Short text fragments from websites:
# # # #

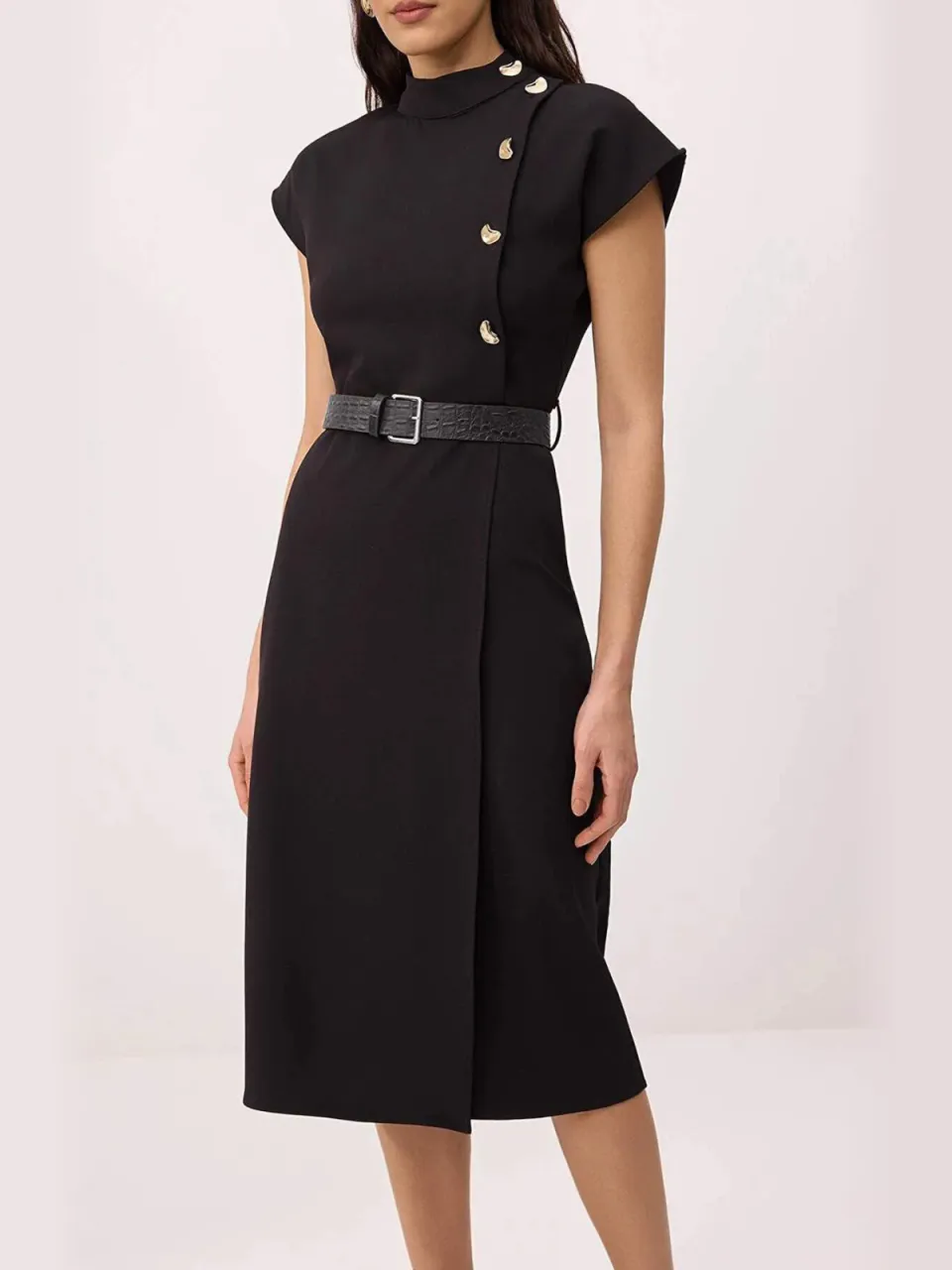 Trendyol TRENDYOLMİLLA Dames Zwart Effen Midi Mouwloos Casual A-lijn Jurken, foto 2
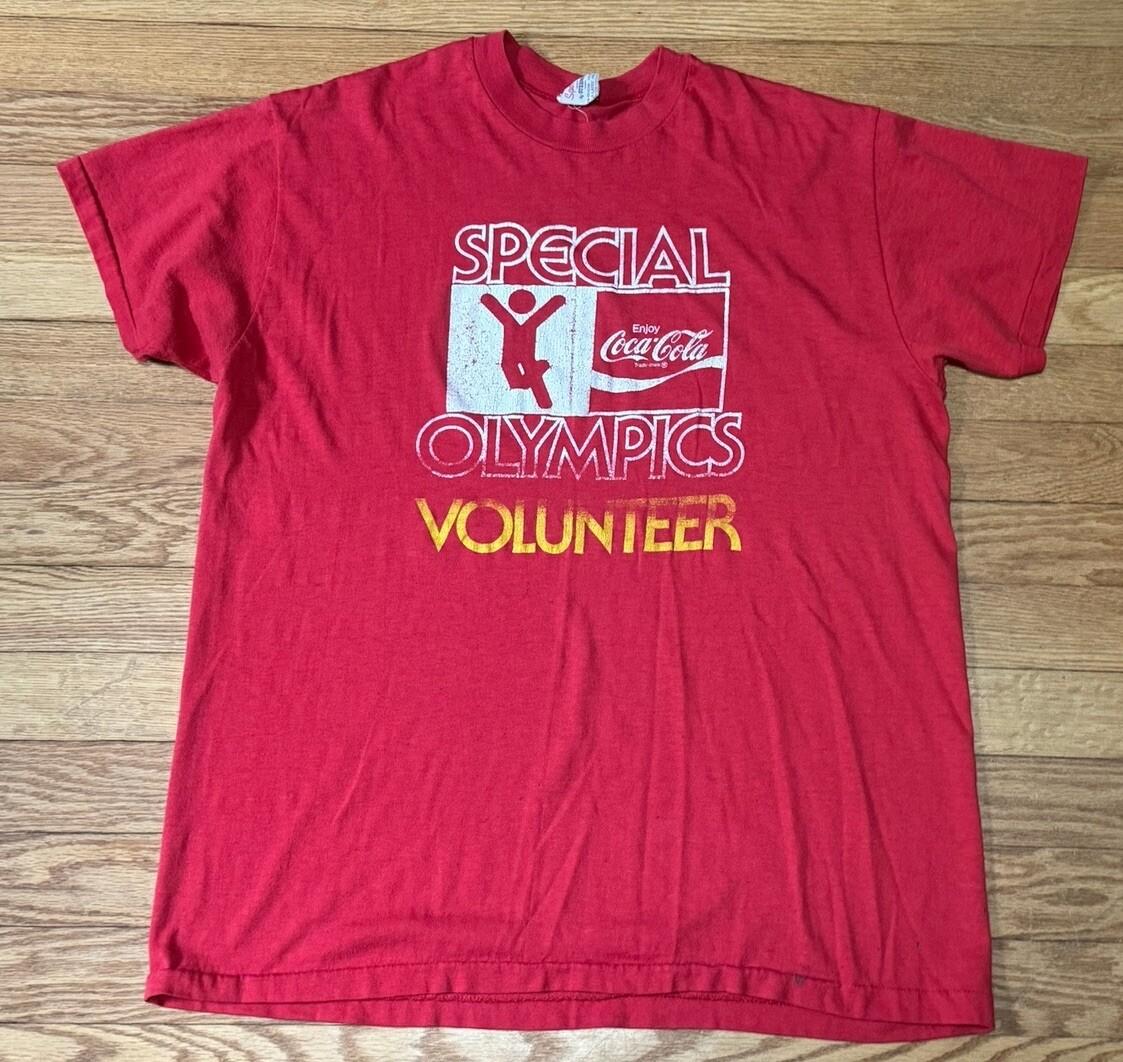 Vtg 80s Coca-Cola Special Olympics Volunteer Single Stitch T-Shirt Size XL S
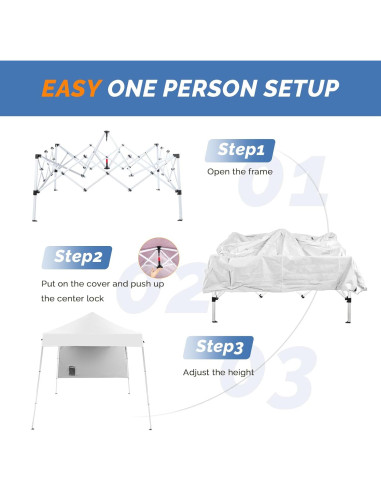 Carpa Plegable VINGLI 1.83x1.83m con Panel Lateral y Mochila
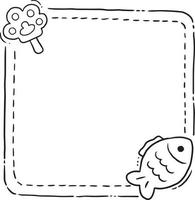 frame cartoon cute kawaii doodle coloring page drawing illustration clip art manga anime vector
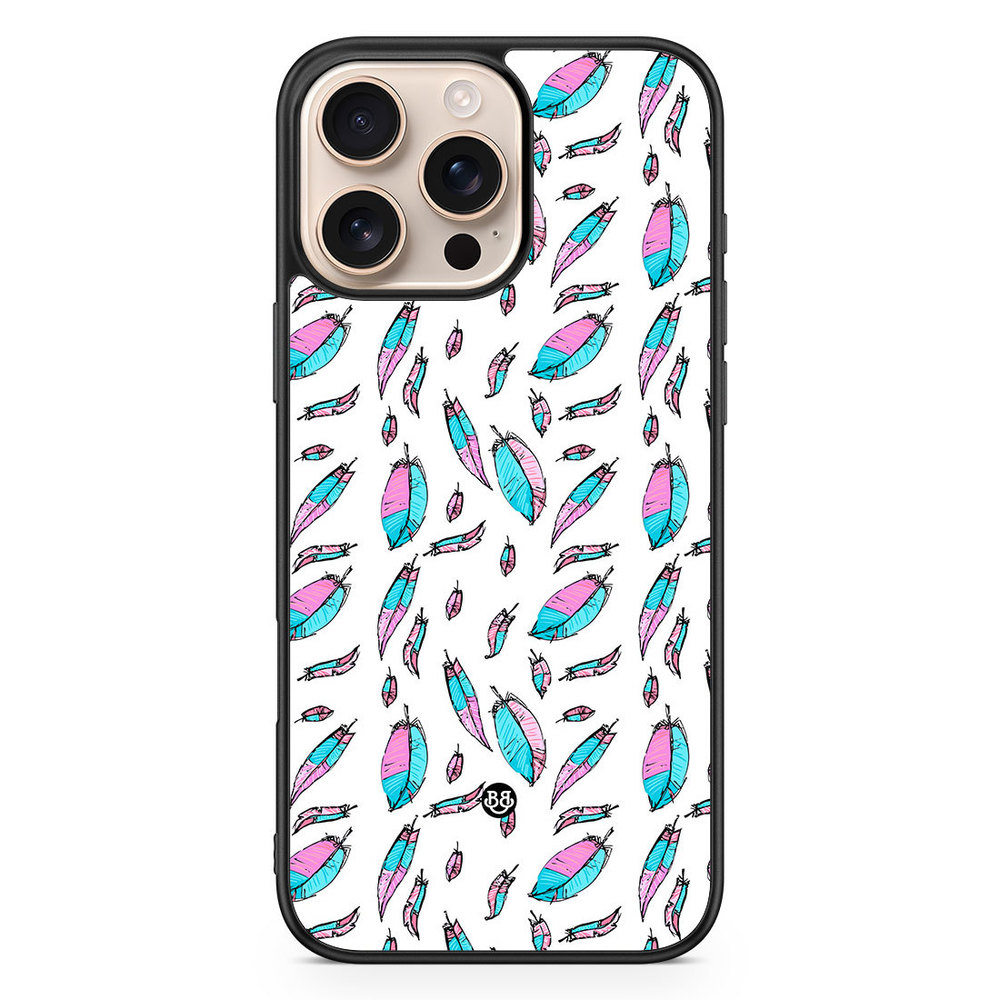 iPhone 16 Pro Max Case - Pink/Blue Feathers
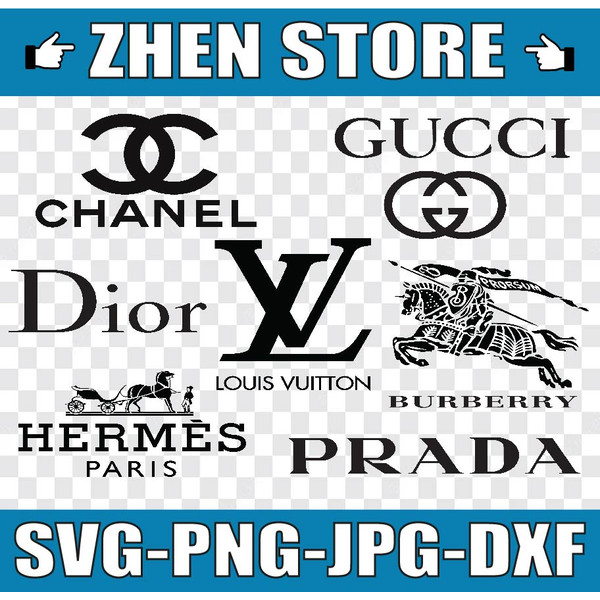 LOGO Fashion brand BUNLDE: Louis Vuitton svg, Chanel svg, Burberry svg,  Prada svg, Gucci svg, Hermes Paris svg, Dior svg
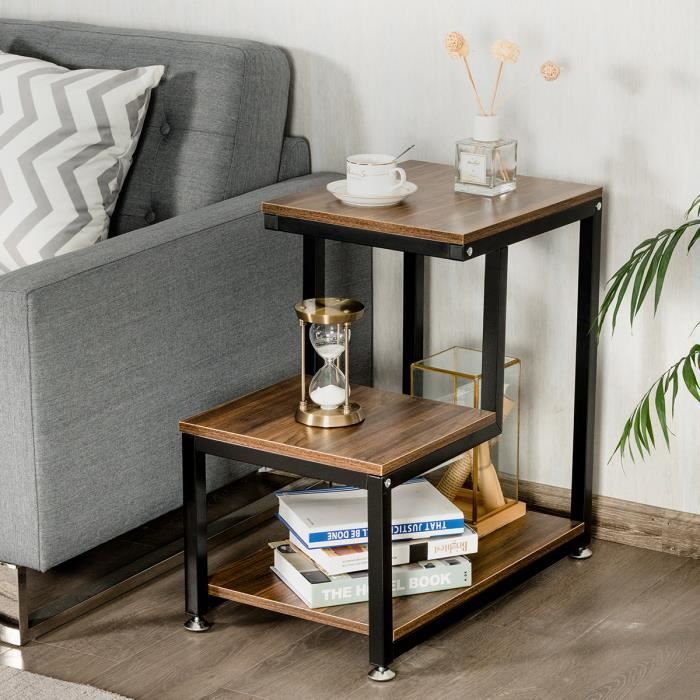 Bout De Canape Table D Appoint En Bois Avec 3 Couches Charge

# # # #

**WORK TO COMPLETE**
Once the line with "Carpa Plegable VINGLI" is found above, transcribe each line from it through the line with "iPhone 16 Pro Max Case - Pink/Blue Feathers", exactly, and omit the pictures.

**RESULT**
 Carpa Plegable VINGLI 1.83x1.83m con Panel Lateral y Mochila
 frame cartoon cute kawaii doodle coloring page drawing illustration clip art manga anime vector
 iPhone 16 Pro Max Case - Pink/Blue Feathers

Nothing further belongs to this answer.